(T2108 measures the percentage of stocks trading above their respective 40-day moving averages [DMAs]. It helps to identify extremes in market sentiment that are likely to reverse. To learn more about it, see my T2108 Resource Page. You can follow real-time T2108 commentary on twitter using the #T2108 hashtag. T2108-related trades and other trades are occasionally posted on twitter using the #120trade hashtag. T2107 measures the percentage of stocks trading above their respective 200DMAs)
T2108 Status: 65.6%
T2107 Status: 64.7%
VIX Status: 13.5
General (Short-term) Trading Call: cautiously bullish
Active T2108 periods: Day #78 over 20%, Day #77 over 30%, Day #74 over 40%, Day #8 over 50%, Day #7 over 60% (overperiod), Day #23 under 70% (underperiod)
A poor U.S. job’s report brought all sorts of drama in the currency market, but the stock market acted like it barely noticed.
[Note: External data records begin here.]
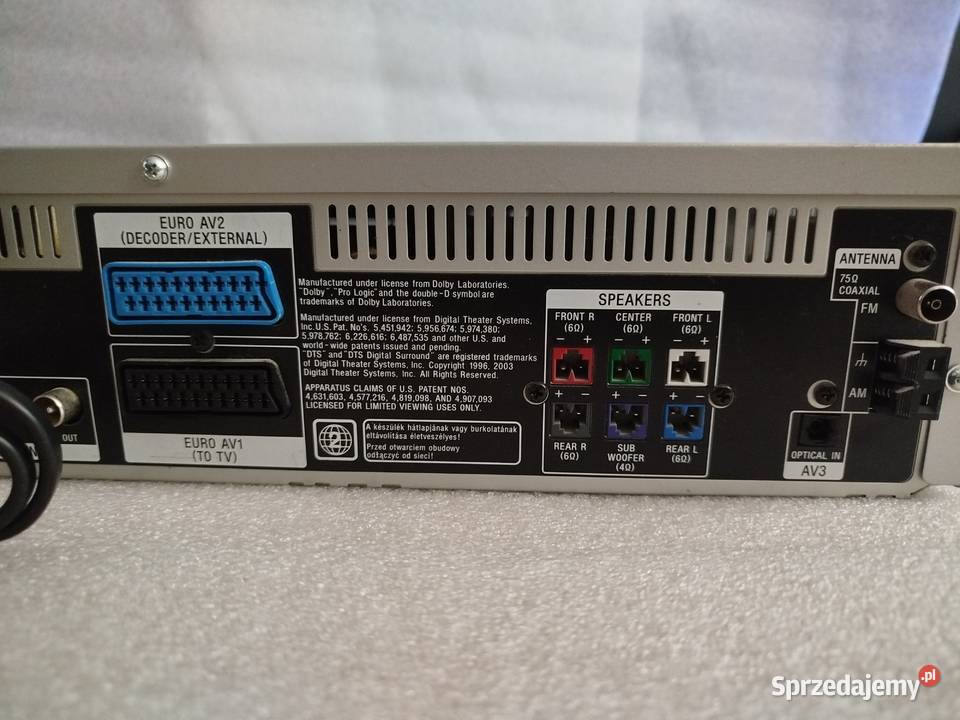 VHS DVD Sony DAVD150N uszkodzone Zgierz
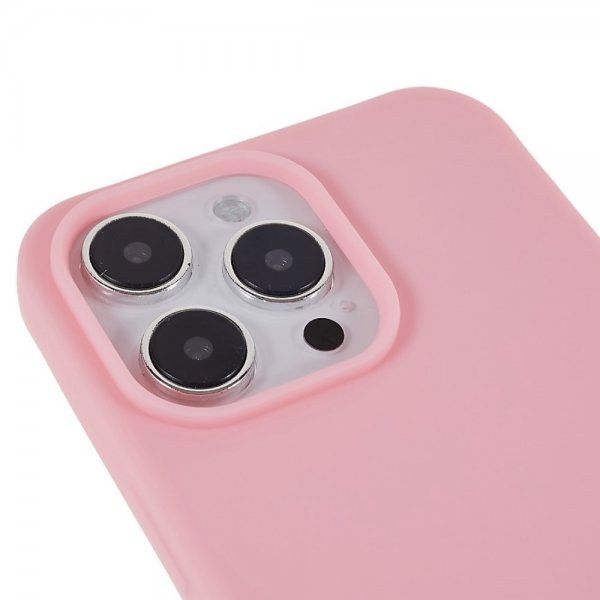 iPhone 14 Pro Max Deksel med Stropp Rosa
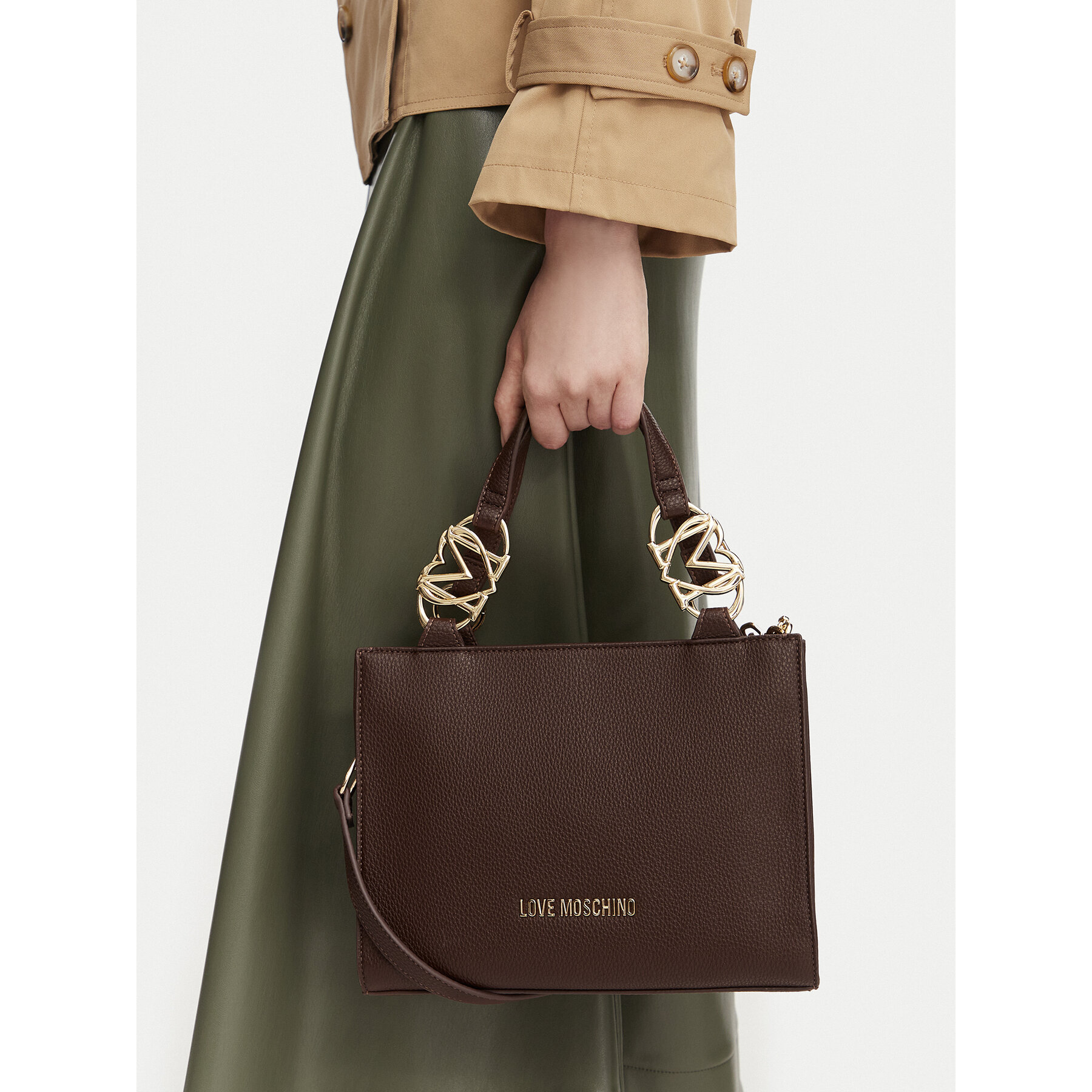 Torbica LOVE MOSCHINO JC4006PP1PLB0300 Smeđa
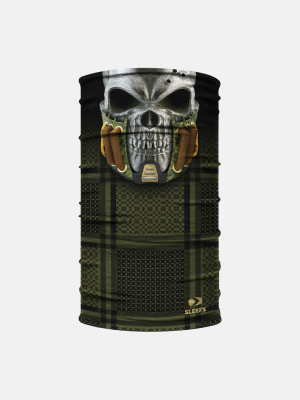 Metal Skull Combat Shemagh Neck Gaiter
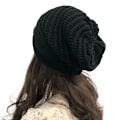 Miniatyrbilde 4 av 5: Hodeplagg Dame Beanie Varm Strikket Lue Søt Lue for Kaldt Vær black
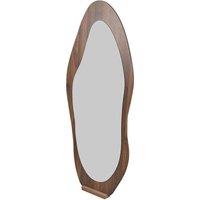 Living and Home Modern Abstract Pine Frame Full Length Mirror in Walnut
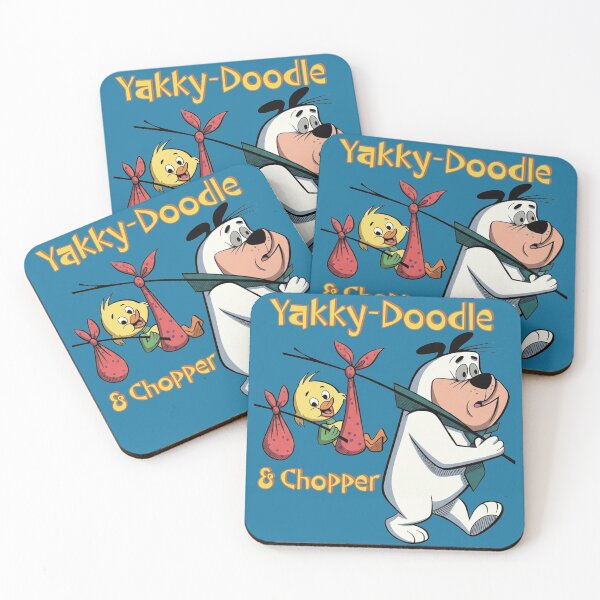 Item preview, Yakky Doodle & Chopper - Vintage Cartoon Classic designed and sold by Deviant Logic Design.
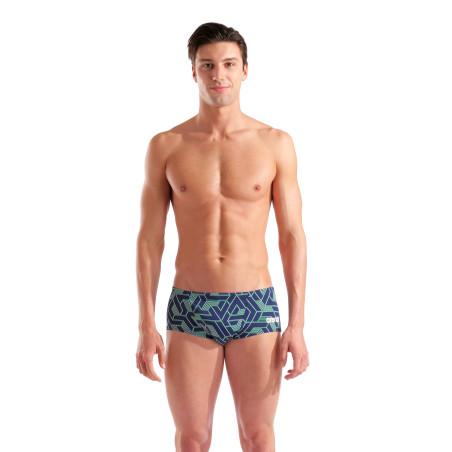 Arena ESCAPE Swim Low Waist Short Team BLUE GREEN - Boxer Natation Homme | Les4Nages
The S&P 500 (SPY) dipped but recovered throughout the day to close with a fractional loss. For the week, the index managed the slimmest of gains.
T2108 closed at 66.6% and essentially flat with the previous day. T2107, the percentage of stocks trading above their respective 200-day moving averages (DMA), closed with a small loss that left it comfortably resting in its current uptrend channel. In other words, the (cautiously) bullish posture of the market remains well intact for now despite the surprisingly bad news from the May jobs report. Yet, I cannot help but think that Friday left the market in a state of sudden uncertainty. You cannot see it in the volatility index, the VIX, but the previous thesis that the U.S. has finally entered a recovery strong enough to warrant rate hikes is essentially out the window. Only a new and extremely robust catalyst can reverse the damage to this thesis.
I do not have to turn bearish to see this picture and wonder aloud whether this complacency is far too high (the VIX far too low). It is definitely possible that the market is under-pricing risk because it now expects the Fed to leave rates alone until at best the end of the year. Yet, time and again, the VIX has failed to stay at these levels for long. The risk/reward balance has shifted toward betting on an increase in volatility even if the S&P 500 maintains its generally bullish stance by holding support at its 50DMA or even holding the low of the current trading range.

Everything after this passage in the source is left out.